Search code examples
pythonnodesnetworkx

How to find a node with a shortest path of length equal to some number in networkx python?


I have a simple code to create a graph,G in networkx.

import networkx as nx
import matplotlib.pyplot as plt
%matplotlib notebook

G = nx.DiGraph()

G.add_edge(1,2); G.add_edge(1,4)
G.add_edge(3,1); G.add_edge(3,2)
G.add_edge(3,4); G.add_edge(2,3)
G.add_edge(4,3)

I want to find "which node in G is connected to the other nodes by a shortest path of length equal to the diameter of G ".

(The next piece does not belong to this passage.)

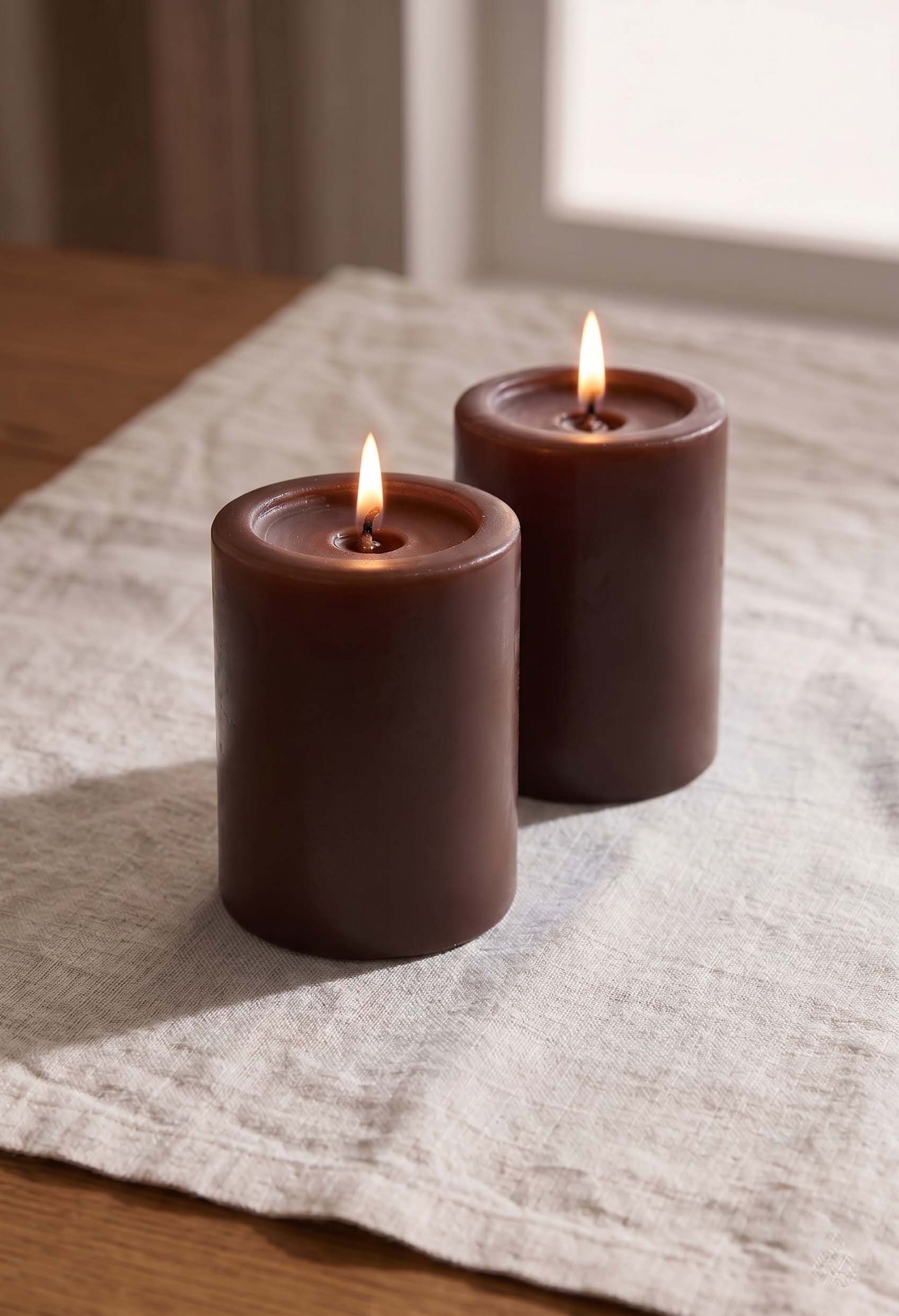 Ivory Pillar Candles - Set of 2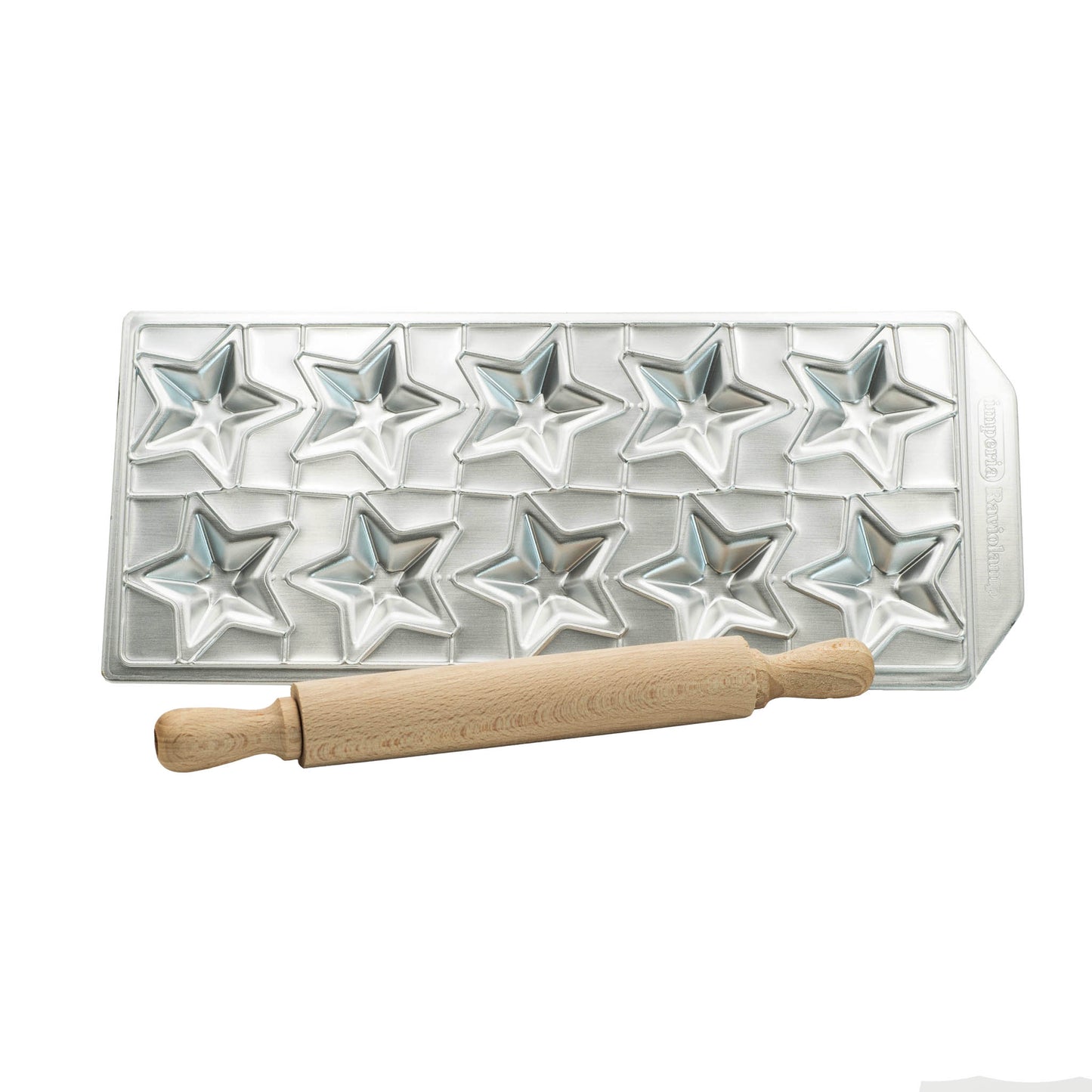 italian made imperia ravioli star shape mould with wooden rolling pin. Makes 10 each time.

there are two of these combinations, [1,3] and [2,4], which can be found by nx.shortest_path(G, 1) and nx.shortest_path(G, 2),respectively.

Or, for example, if I use nx.shortest_path_length(G, source=2) then I get {2: 0, 3: 1, 1: 2, 4: 2}. so the length=2 is from node 2 to node 4, which is ok.

now, I'm trying to generalise it for all of the nodes to see if I can find the target nodes.

for node in G.nodes():
    target = [k for k,v in nx.shortest_path_length(G, node).items() if v == nx.diameter(G)]
    print(target)

and I get this odd result:

[3]
[1, 4]
[1, 2]
[]

Can anybody explain what this result means? as I'm trying to apply this method to solve a bigger problem.


Solution

  • For the graph you provided:

    G = nx.DiGraph()
    
    G.add_edge(1,2); G.add_edge(1,4)
    G.add_edge(3,1); G.add_edge(3,2)
    G.add_edge(3,4); G.add_edge(2,3)
    G.add_edge(4,3)
    

    The following:

    for node in G.nodes():
        target = [k for k,v in nx.shortest_path_length(G, node).items() if v == nx.diameter(G)]
        print(target)
    

    will print the target to which node is of distance equal to nx.diameter(G)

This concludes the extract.